WHAT TO PRODUCE:
Write out again, exactly as they appear, the lines from the start of the data below through the line with "Alecsandro comemora gol do Figueirense"; no pictures.

Extracted data entries:
* * * * *

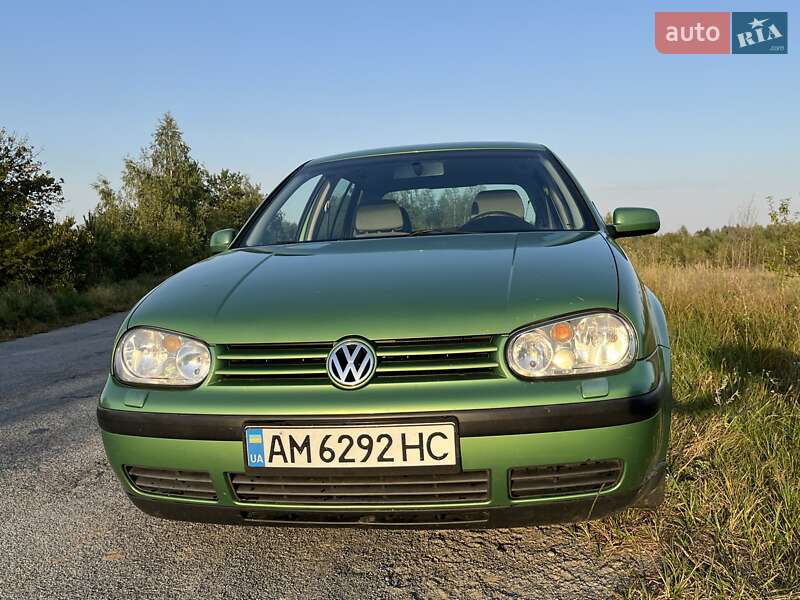 Універсал Volkswagen Golf 1998 в Звягелі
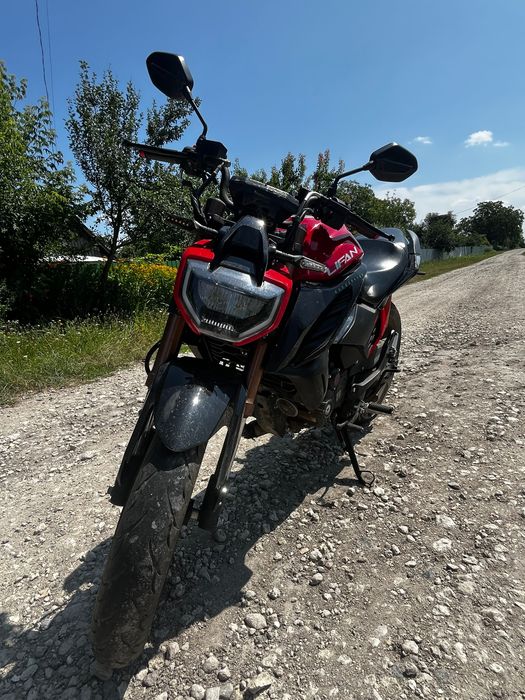 Мотоцикл ліфан KPS 200
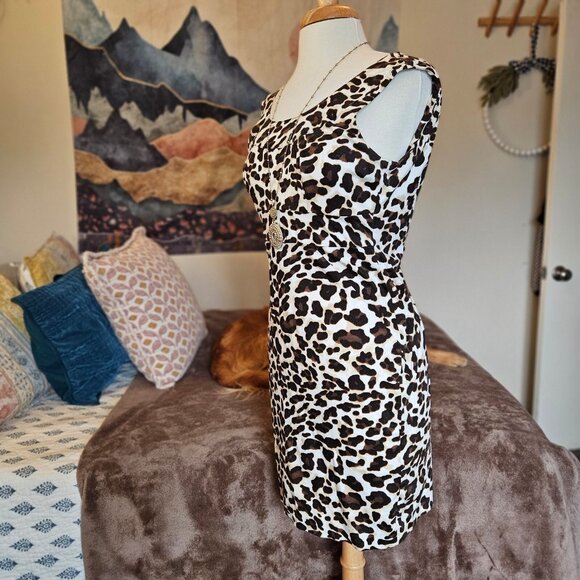 Dress - Picture 5 of 11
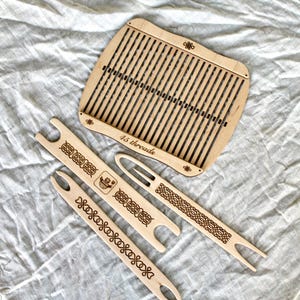 Personalized Square Weaving Loom Kit: Beginner Tapestry Weaving, Plywood Frame Small 45 threads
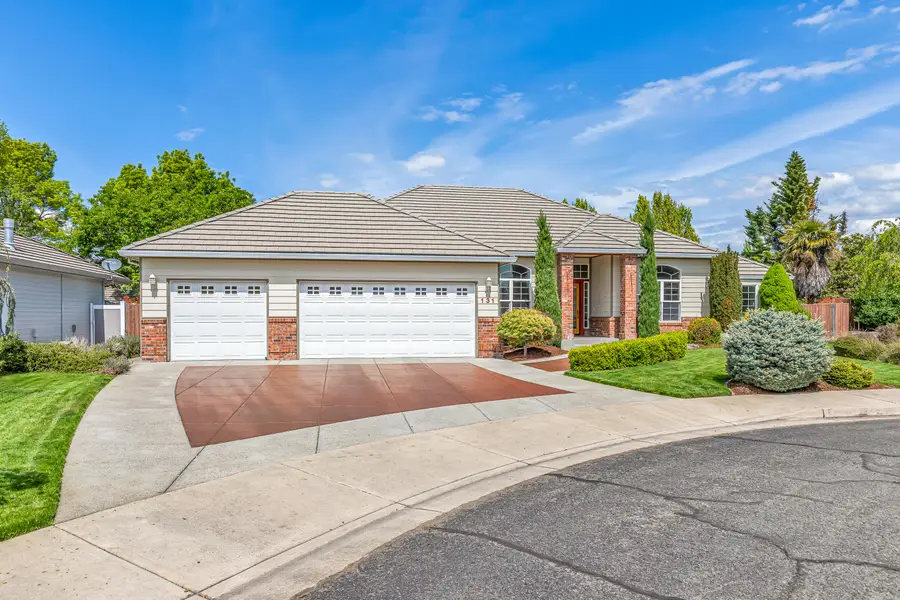 131 Spanish Bay Court, Eagle Point, OR 97524 - #3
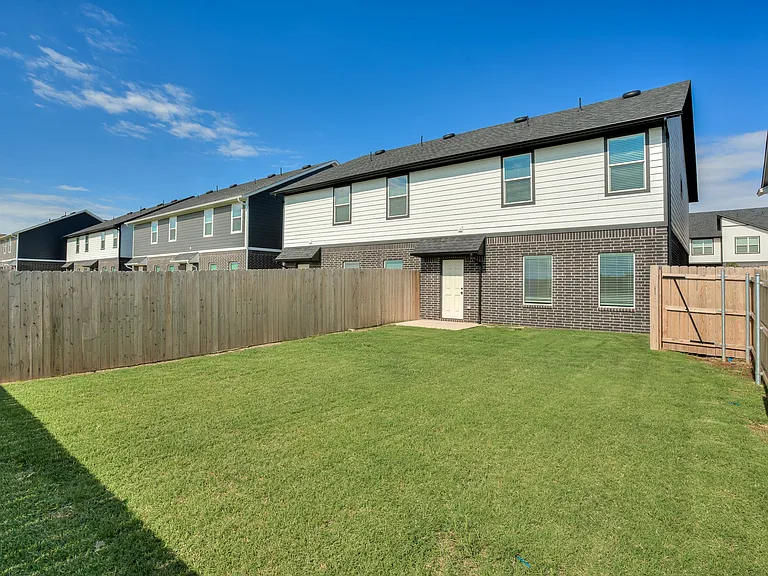 19600 Horseshoe Ave — Photo 31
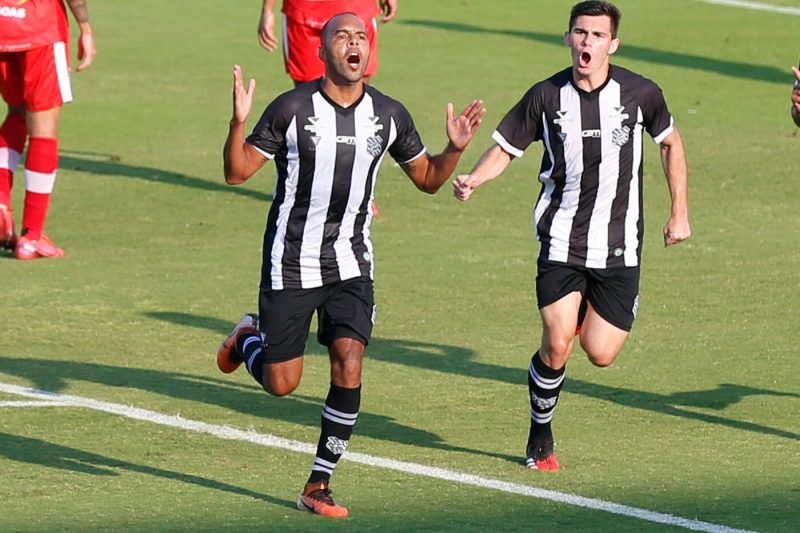 Alecsandro comemora gol do Figueirense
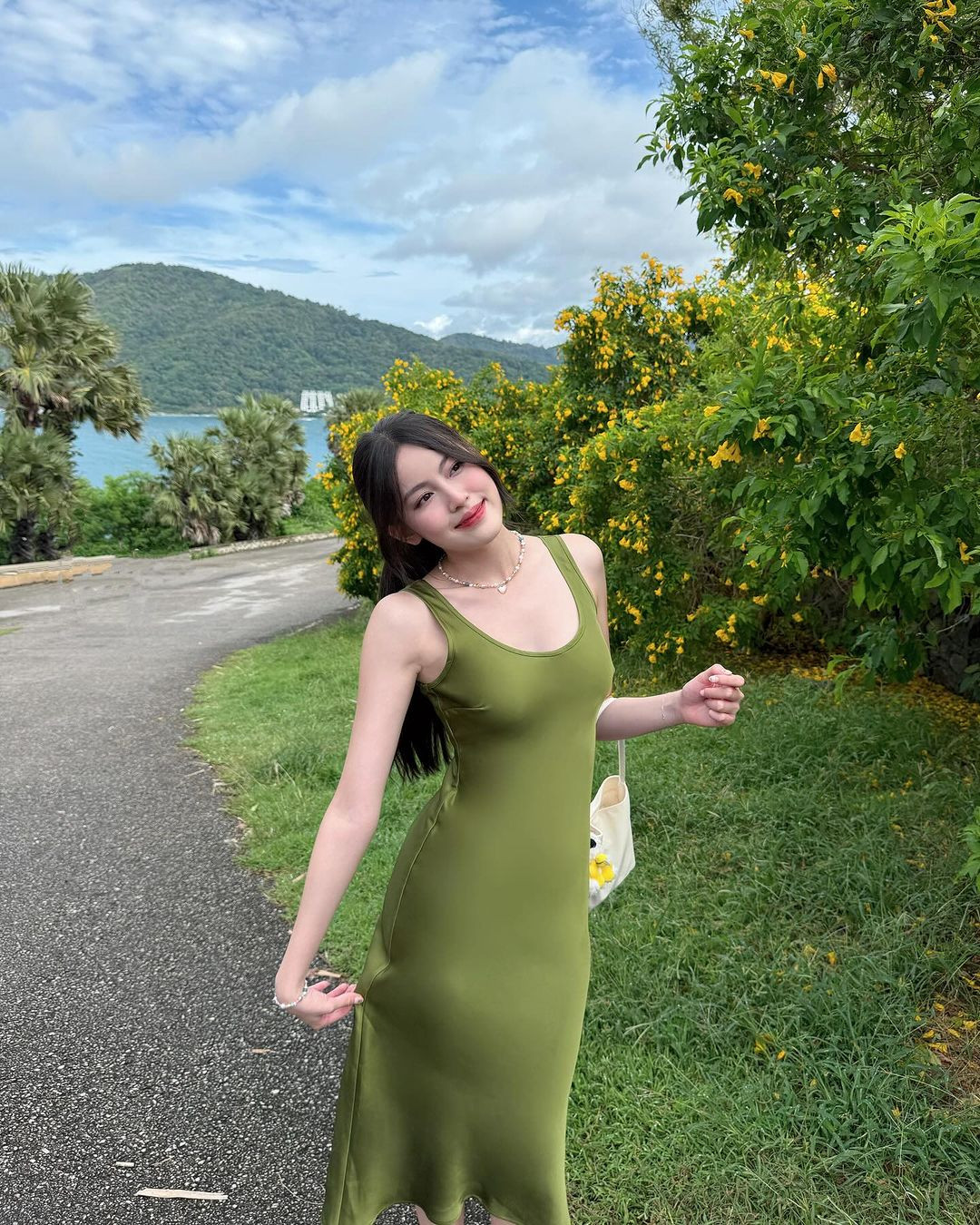 HIEUTHUHAI là chàng rapper đình đám nhất hiện nay khi gương mặt phủ sóng nhiều chương trình truyền hình, anh cũng gây ấn tượng với vẻ ngoài điển trai, tính cách hài hước cùng tài năng làm nhạc ấn tượng.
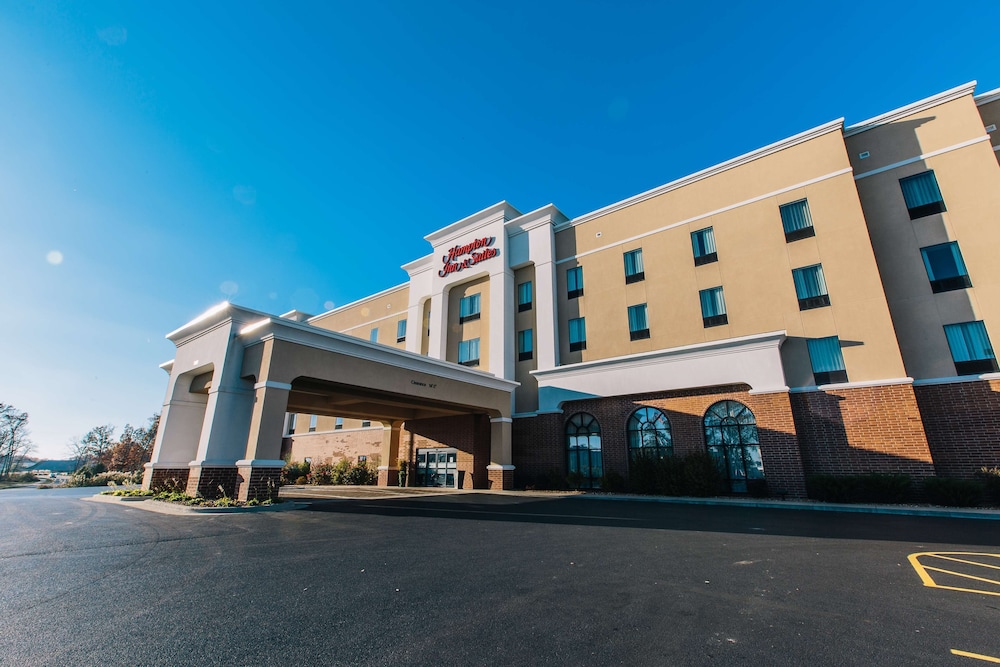 Hampton Inn & Suites Effingham - featured photo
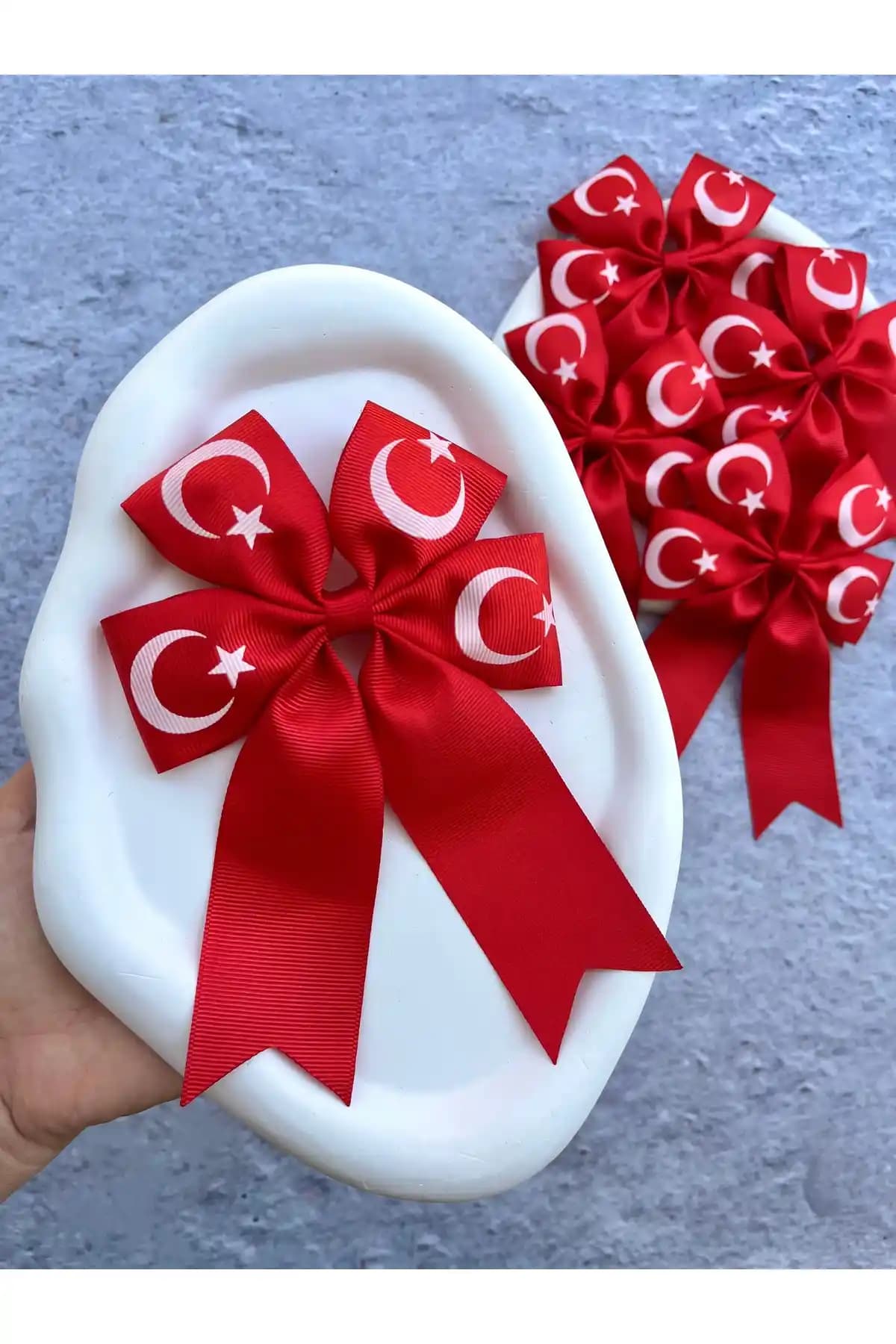 Çocuklar İçin 29 Ekim Bayraklı Desenli Saç Tokası Şık ve Anlamlı Bir Aksesuar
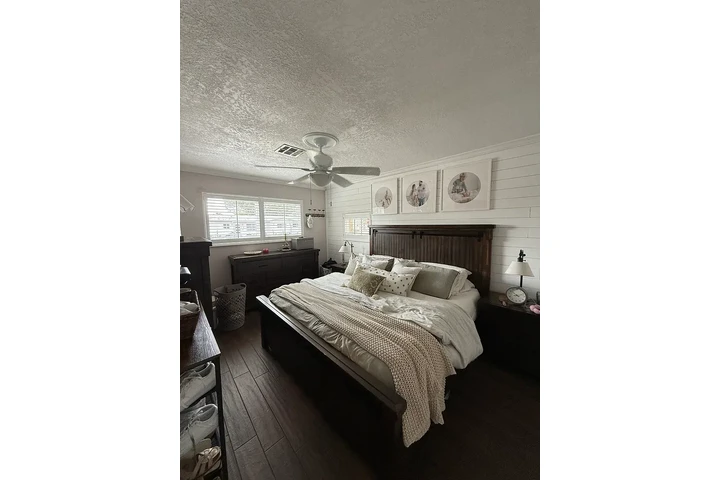 $1500 : Kendall Renta image 3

* * * * *

REPLY TO THE TASK:
 Універсал Volkswagen Golf 1998 в Звягелі
 Мотоцикл ліфан KPS 200
 Dress - Picture 5 of 11
 Personalized Square Weaving Loom Kit: Beginner Tapestry Weaving, Plywood Frame Small 45 threads
 131 Spanish Bay Court, Eagle Point, OR 97524 - #3
 19600 Horseshoe Ave — Photo 31
 Alecsandro comemora gol do Figueirense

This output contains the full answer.